Repeat the listing verbatim. Drop any pictures.

= DATA SHOWN =
==============================
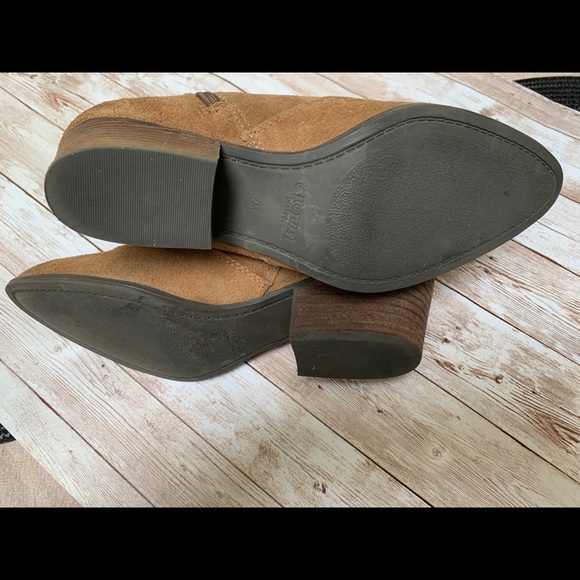 Crown Vintage Booties - Picture 5 of 5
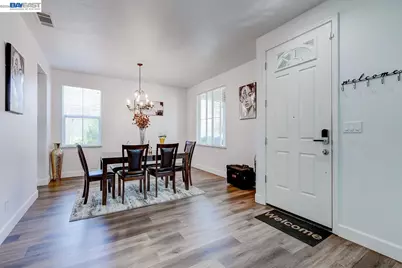 53 Puffin Cir, Oakley, CA 94561 - Photo 8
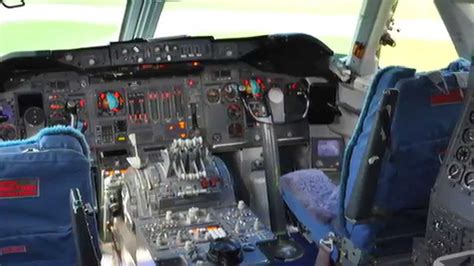 Inside the Boeing 747 KLM - YouTube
==============================
= THE COMPLETED TASK =
 Crown Vintage Booties - Picture 5 of 5
 53 Puffin Cir, Oakley, CA 94561 - Photo 8
 Inside the Boeing 747 KLM - YouTube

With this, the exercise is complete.